Rightwing Israelis see this as a betrayal by Trump. I hope they are right.
In the long run I would expect to see Trump go back to his usual support for the Israeli right but it would be nice if his ego led him to do something good in this case.
Posted by: Donald | January 14, 2025 at 01:33 PM
I think this is a good summary of the situation, with speculation about how it might go if the ceasefire happens.
( Basically, Israel will likely still keep expanding.)
https://www.dropsitenews.com/p/trump-israel-hamas-gaza-ceasefire-deal
Posted by: Donald | January 14, 2025 at 01:48 PM
I stay cynical. Once there are no more hostages to free, Bibi will likely renege on any deal or guarantees.
Posted by: Hartmut | January 14, 2025 at 03:18 PM
You are probabky correct. I just saw another secondhand cite from the Israeli press ( I haven’t seen an English translation) which said that Trump agreed to let Netanyahu restart the war later, which has been Netanyahu’s position all along.
I would expect that one way or another, the Israeli right will get what it wants and nether Democrats nor Republicans will give up their “ ironclad” support for Israel.
Posted by: Donald | January 14, 2025 at 03:57 PM
Using this as an open thread. So here is a thread reader. I will post the link to the article in my next post.
Notice Jack Lew’s notion ( he is Biden’s Israel ambassador) that killing children isn’t so bad if they are the children of Hamas terrorists. I am sure he would deny thinking that if challenged on it, but his statement accidentally showed what he subconsciously thought.
https://threadreaderapp.com/thread/1879639764376461374.html
Posted by: Donald | January 17, 2025 at 07:11 PM
Here is the article that Murphy wrote. The Lew comment was in a TinesofIsrael interview.
https://www.propublica.org/article/biden-blinken-state-department-israel-gaza-human-rights-horrors
Biden had an interview with Lawrence O’Donnell last night where he says Netanyahu defended carpet bombing on the grounds that we did it in WW2 and that Hamas hides under hospitals and schools and churches. ( Biden said churches. There is at least one in Gaza that Israel attacked). Biden came pretty close to defending that line of reasoning.

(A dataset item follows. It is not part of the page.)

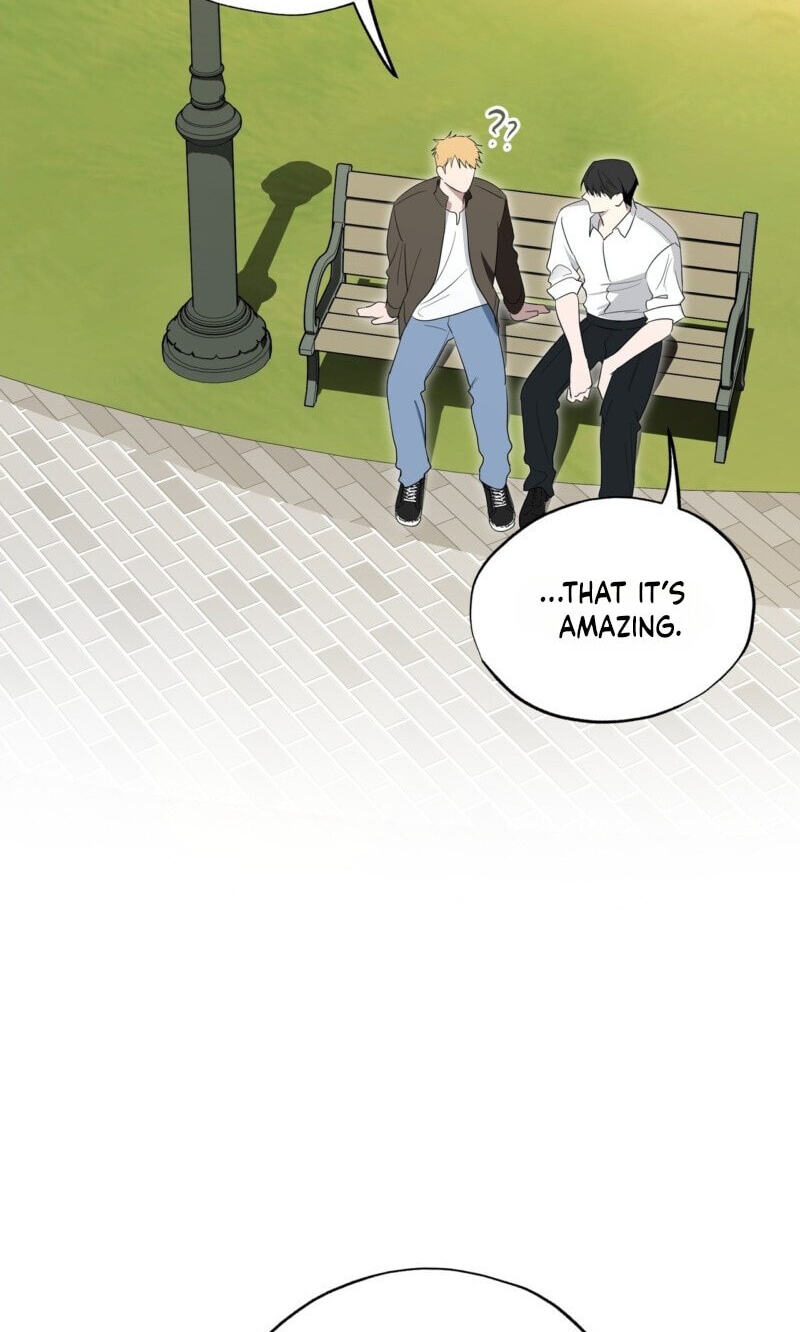 Read Deep Pivot chapter 43 image 50 on Lezhin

Overall Biden seems to think he did a good job and the war turned out well since Hamas, Hezbollah, and Iran are weakened, He pretty clearly thinks it will all turn out fine if we can just create a Palestinian state.
He and Blinken are psychopaths. He reminds me of Russians who defended the Ukraine War and at the same time talked about their brotherly feelings towards Ukranians. There is some weird psychological twist to people who think they can slaughter civilians and commit war crimes and then make it all better at the end.